-------- Data to use --------

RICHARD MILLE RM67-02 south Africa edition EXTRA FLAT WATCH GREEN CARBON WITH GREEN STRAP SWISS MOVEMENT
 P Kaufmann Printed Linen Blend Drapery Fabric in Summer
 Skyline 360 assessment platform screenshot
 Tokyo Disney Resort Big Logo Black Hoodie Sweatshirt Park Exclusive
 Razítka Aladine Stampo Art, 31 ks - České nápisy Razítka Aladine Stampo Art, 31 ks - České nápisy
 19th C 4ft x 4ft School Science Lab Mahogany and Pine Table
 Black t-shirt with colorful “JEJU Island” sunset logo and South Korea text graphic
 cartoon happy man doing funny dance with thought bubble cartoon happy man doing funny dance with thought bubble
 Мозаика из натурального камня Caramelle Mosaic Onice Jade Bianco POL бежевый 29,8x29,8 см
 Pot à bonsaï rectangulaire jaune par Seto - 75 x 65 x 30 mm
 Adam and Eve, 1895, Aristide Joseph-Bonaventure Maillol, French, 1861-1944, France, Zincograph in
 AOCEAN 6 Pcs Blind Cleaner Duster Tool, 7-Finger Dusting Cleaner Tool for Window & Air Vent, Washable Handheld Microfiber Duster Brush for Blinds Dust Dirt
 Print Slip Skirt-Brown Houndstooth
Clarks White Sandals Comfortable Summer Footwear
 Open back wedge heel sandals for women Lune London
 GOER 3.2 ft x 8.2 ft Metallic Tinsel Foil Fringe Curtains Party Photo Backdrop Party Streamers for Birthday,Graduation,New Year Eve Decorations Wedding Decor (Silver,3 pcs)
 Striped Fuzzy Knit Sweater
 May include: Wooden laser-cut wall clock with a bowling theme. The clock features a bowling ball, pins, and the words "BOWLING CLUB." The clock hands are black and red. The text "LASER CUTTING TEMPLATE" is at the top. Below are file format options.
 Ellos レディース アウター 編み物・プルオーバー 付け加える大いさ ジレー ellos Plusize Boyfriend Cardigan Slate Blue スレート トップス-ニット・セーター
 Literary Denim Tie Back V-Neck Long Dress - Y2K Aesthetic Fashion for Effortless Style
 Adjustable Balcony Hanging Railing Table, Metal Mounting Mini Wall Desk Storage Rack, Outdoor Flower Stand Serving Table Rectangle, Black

--------

## Work to be completed
Output all entries again exactly; no line may be altered.

## Output below
RICHARD MILLE RM67-02 south Africa edition EXTRA FLAT WATCH GREEN CARBON WITH GREEN STRAP SWISS MOVEMENT
 P Kaufmann Printed Linen Blend Drapery Fabric in Summer
 Skyline 360 assessment platform screenshot
 Tokyo Disney Resort Big Logo Black Hoodie Sweatshirt Park Exclusive
 Razítka Aladine Stampo Art, 31 ks - České nápisy Razítka Aladine Stampo Art, 31 ks - České nápisy
 19th C 4ft x 4ft School Science Lab Mahogany and Pine Table
 Black t-shirt with colorful “JEJU Island” sunset logo and South Korea text graphic
 cartoon happy man doing funny dance with thought bubble cartoon happy man doing funny dance with thought bubble
 Мозаика из натурального камня Caramelle Mosaic Onice Jade Bianco POL бежевый 29,8x29,8 см
 Pot à bonsaï rectangulaire jaune par Seto - 75 x 65 x 30 mm
 Adam and Eve, 1895, Aristide Joseph-Bonaventure Maillol, French, 1861-1944, France, Zincograph in
 AOCEAN 6 Pcs Blind Cleaner Duster Tool, 7-Finger Dusting Cleaner Tool for Window & Air Vent, Washable Handheld Microfiber Duster Brush for Blinds Dust Dirt
 Print Slip Skirt-Brown Houndstooth
Clarks White Sandals Comfortable Summer Footwear
 Open back wedge heel sandals for women Lune London
 GOER 3.2 ft x 8.2 ft Metallic Tinsel Foil Fringe Curtains Party Photo Backdrop Party Streamers for Birthday,Graduation,New Year Eve Decorations Wedding Decor (Silver,3 pcs)
 Striped Fuzzy Knit Sweater
 May include: Wooden laser-cut wall clock with a bowling theme. The clock features a bowling ball, pins, and the words "BOWLING CLUB." The clock hands are black and red. The text "LASER CUTTING TEMPLATE" is at the top. Below are file format options.
 Ellos レディース アウター 編み物・プルオーバー 付け加える大いさ ジレー ellos Plusize Boyfriend Cardigan Slate Blue スレート トップス-ニット・セーター
 Literary Denim Tie Back V-Neck Long Dress - Y2K Aesthetic Fashion for Effortless Style
 Adjustable Balcony Hanging Railing Table, Metal Mounting Mini Wall Desk Storage Rack, Outdoor Flower Stand Serving Table Rectangle, Black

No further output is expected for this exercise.